Module Owner: Dennis Schubert

Generally speaking, new interventions are landed in mozilla-central close to the start of each cycle's soft freeze period, and then ride the trains to Release. By essentially skipping the Nightly cycle, we speed up the process a bit, but we get some stability testing in Beta before the interventions are available to all users.

In cases that are more urgent, we can speed up the process by

  • uplifting interventions into Beta at any time during the cycle,
  • uplifting the interventions into Release to be shipped with the next dot-release,
  • shipping an interventions add-on update out-of-band.

It is up to each release's Interventions Owner to decide if a WebCompat bug is important enough to warrant a fast process.

The normal process: Letting interventions ride the train

For low-priority interventions, the simplest way to ship is to land them in the tree and have them ride the trains like any code change.

  1. Build and test the interventions as usual. Submit a Pull Request to the mozilla-extensions/webcompat GitHub repository that does include new interventions, but do not include a version number bump yet.
  2. Bump the version number in your local clone of the repo, but do not commit the change yet.
  3. Export your changed sources into your mozilla-central checkout. Check the addon's README.md for instructions on how to use the tooling.
  4. Make sure ./mach lint browser/extensions/webcompat passes. Since the on-GitHub lints are not exactly the same (primarily, eslint is missing), it's a good idea to run that every time.
  5. Submit the patch to Phabricator. You do not need to manually specify a reviewer: the webcompat-reviewers group will be added automatically, sending a notification to everyone in the team.
  6. Land the patch. Wait until the patch got merged into mozilla-central to make sure it doesn't get backed out immediately.
  7. Export the same sources into your local checkout of android-components. There is tooling to help you with that as well, see addon's README.md. Example Pull Request. To make it easier to keep track of, attach a link to the pull request to the corresponding bug on Bugzilla. If you don't know someone who can review your patch, ask in #fenix-team on Slack.
  8. When the patch is merged, you can commit the version number change in the webcompat-addon repository. Make sure to run npm run autoformat before commiting, as that will apply your version number change to package.json and package-lock.json as well.
  9. Tag the version with git tag -a v100.0.0 -m 'v100.0.0', and push both your version-bump-commit, and the new tag, to GitHub with git push origin main v100.0.0
  10. Make sure that for any intervention you added, you set the sitepatch-applied label GitHub or the [webcompat:sitepatch-applied] whiteboard flag on Bugzilla. Likewise, remove those labels for all interventions you removed.
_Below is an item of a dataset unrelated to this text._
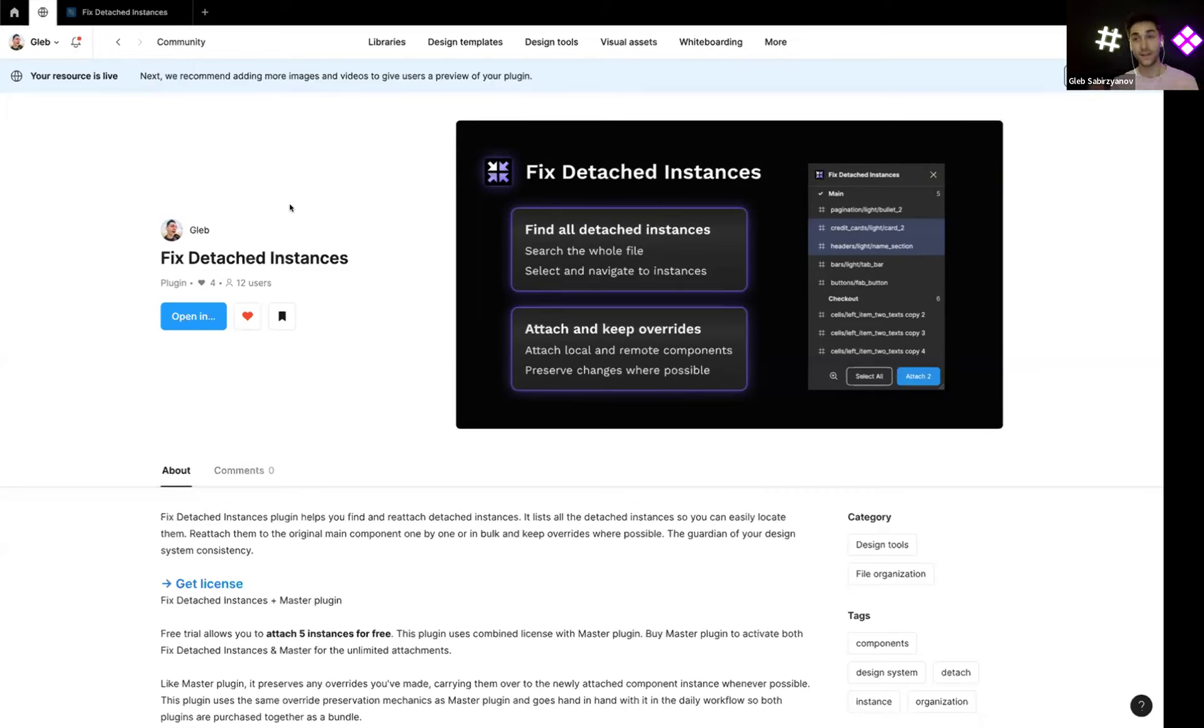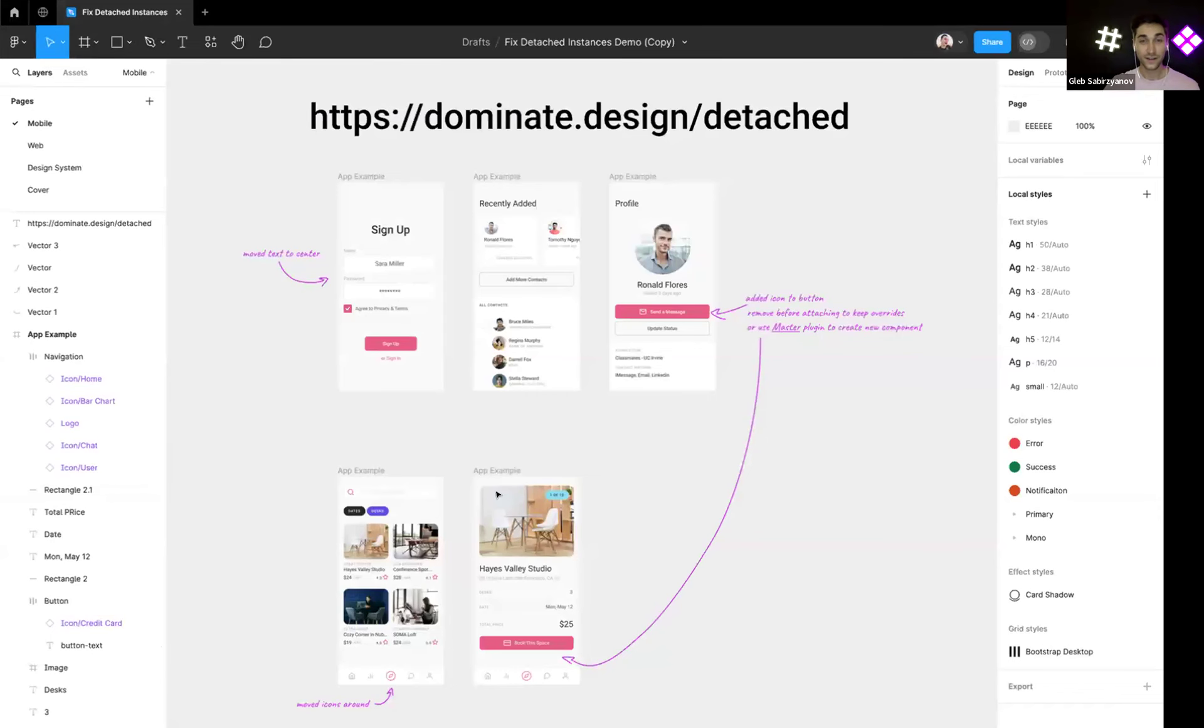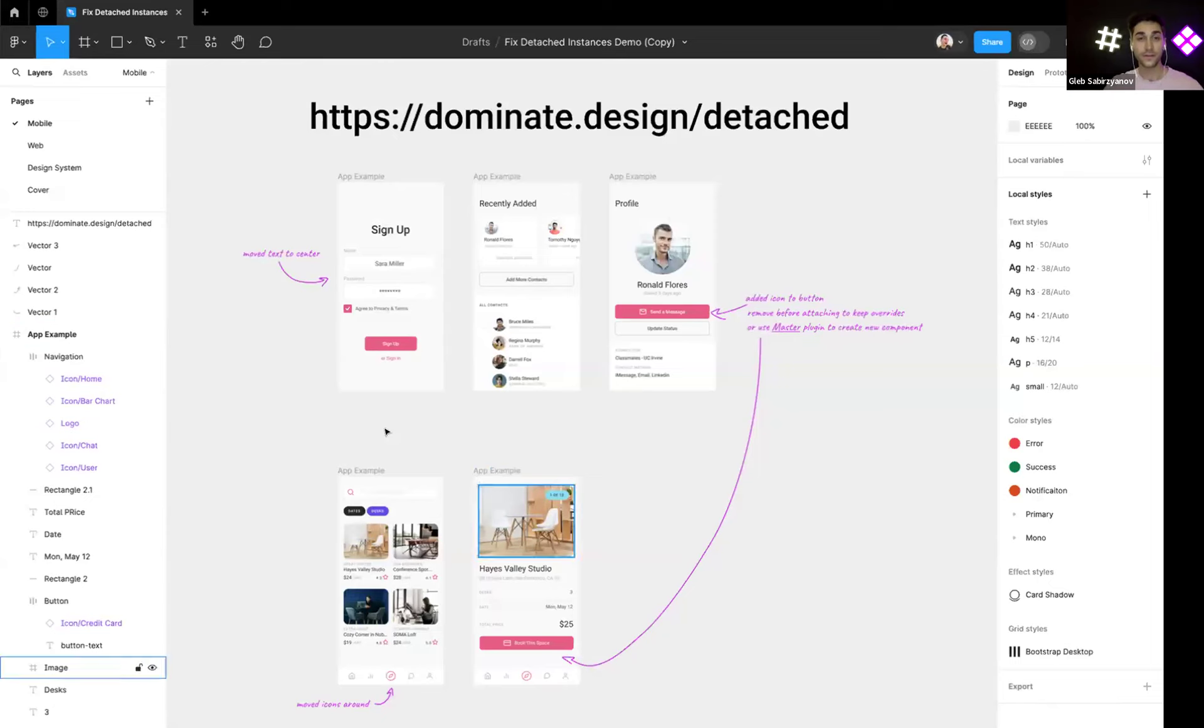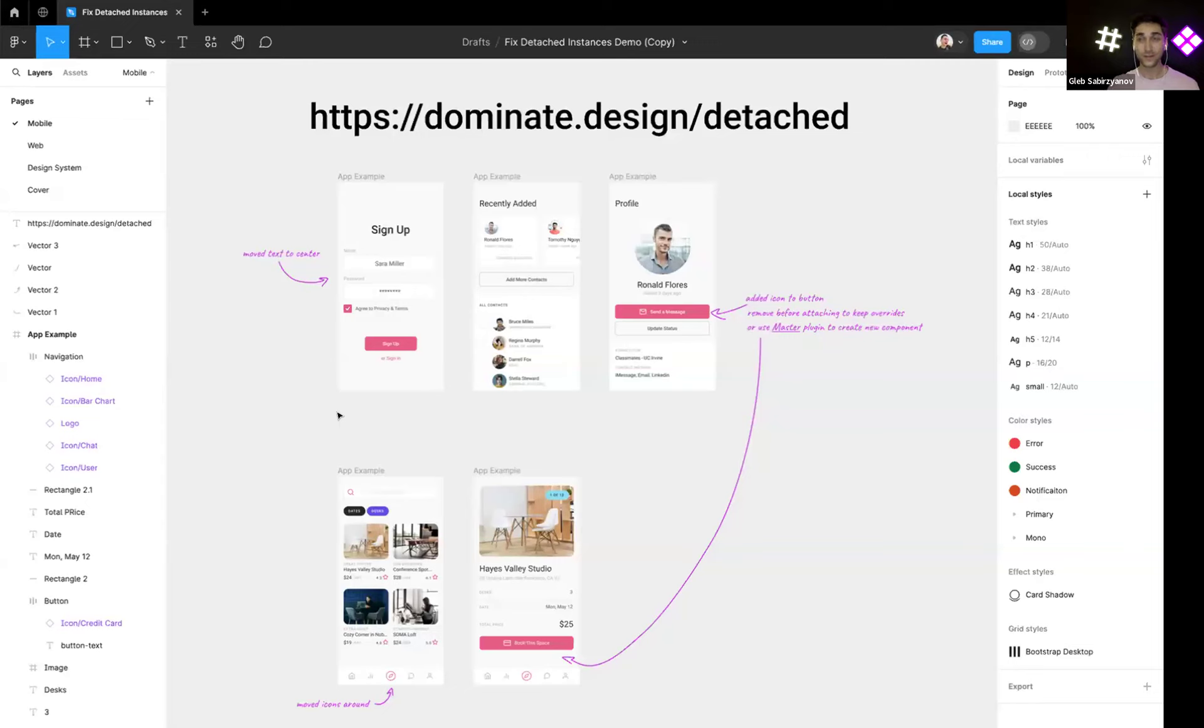This plugin shares the license with Master together, so you buy Master plugin and you get this plugin as well because they work sort of in conjunction with each other. Let me show you some examples to show how this plugin can be useful.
Uplifting new interventions into Beta

For interventions that are a bit more urgent, you can skip one release cycle and uplift your intervention(s) into Beta. However, do not just request beta uplift for the patch you submitted to mozilla-central:

  • It is possible that your patch was not the only change to the addon since the Beta branch got merged. This would cause conflicts, because your new patch won't cleanly apply to Beta.
  • Version numbers won't make sense: If you're uplifting a patch for the addon version 101.0.0 into Beta 100, you might make version numbers more confusing, and you also will make rolling out of-of-band updates a bit more complicated.
  • It generally is a good idea to limit your Beta uplift to only the important/urgent things. It might not be a wise idea to uplift everything, which might include logic changes, SmartBlock Fixes, and other changes into beta. Keep the risk as low as possible.

Instead, we generally build a separate patch just for Beta.
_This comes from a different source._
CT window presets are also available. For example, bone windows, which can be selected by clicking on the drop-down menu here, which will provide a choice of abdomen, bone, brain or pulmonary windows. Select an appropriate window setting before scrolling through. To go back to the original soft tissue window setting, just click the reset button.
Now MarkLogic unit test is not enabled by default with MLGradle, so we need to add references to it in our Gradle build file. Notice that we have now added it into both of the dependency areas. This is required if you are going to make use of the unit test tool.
  1. Follow the "normal process", and get your interventions landed in mozilla-central. Wait for the next Nightly build, and make sure your interventions work as you expect.
  2. In your local mozilla-central checkout, switch to the mozilla-beta branch/bookmark. If you've never done this before, check the documentation explaining how to work with the mozilla-unified repository.
  3. Apply the relevant changes to the Firefox sources.
    • If your patch is simple, you can apply the changes directly to your mozilla-beta tree.
    • If your changes are more complicated, it might be a good idea to use the export tooling in our GitHub repo. You can git checkout the tag corresponding to the version currently shipping in Beta, and then git cherry-pick individual patches from main into your temporary branch. There is no need to publish/merge that branch upstream, as your beta rollout should never include any interventions that aren't also in the main branch anyway.
  4. Publish the beta patch to Phabricator and have a webcompat-reviewer rubberstamp the patch. It is a good idea to add a clear indication into the commit message saying that this patch is meant for the Beta branch. Bug 1234567 - Beta - Uplift v101 Interventions into v100 Beta. is an example.
  5. Set the approval-mozilla-release? request flag, and explain in the comment why you think this patch should be uplifted to Beta.
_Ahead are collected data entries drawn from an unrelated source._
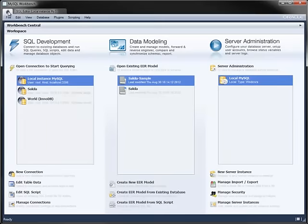So there you have it. That's Workbench along with its three modules: SQL Development, Data Modeling, and Server Administration.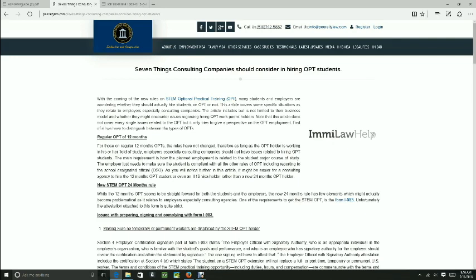Hello ladies and gentlemen, this is attorney Sharpe Raleigh and we are going to discuss a little bit about the new STEM OPT, how it relates to those students who are going to be working for consulting companies.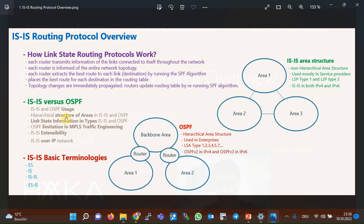In the ISIS protocol, the structure of area is more flexible, and the limitation in OSPF that you cannot communicate directly between areas does not exist in ISIS. In OSPF, communication between areas is only possible via the backbone area, but in ISIS, any two areas can communicate with each other directly if there is a physical communication between them.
A release manager will see your request. If your request is approved, the release managers will push your patch. You do not need to land it, or do anything else!

Uplifting new interventions into Release

If you want your interventions to be available to users very quickly, you can uplift them into mozilla-release and have it shipped in the next dot-release.

  1. There is no fixed schedule for dot-releases, but you can reach out to the Release Owner and ask if a dot release is planned, and when it will be shipping. If there is a dot release coming up that fits your needs, let them know that you intend to ship WebCompat interventions in that release.
  2. Get your interventions into mozilla-central first, using the "normal process" explained above. Make sure it works!
  3. Then, you can follow the "uplifting into Beta" steps. The steps for Beta and Release are exactly the same, except that you're using a different branch/bookmark: mozilla-release instead of mozilla-beta.
  4. You can request uplift for Beta and Release at the same time, but since these are two different patches, you have to request both uplifts separately in two comments.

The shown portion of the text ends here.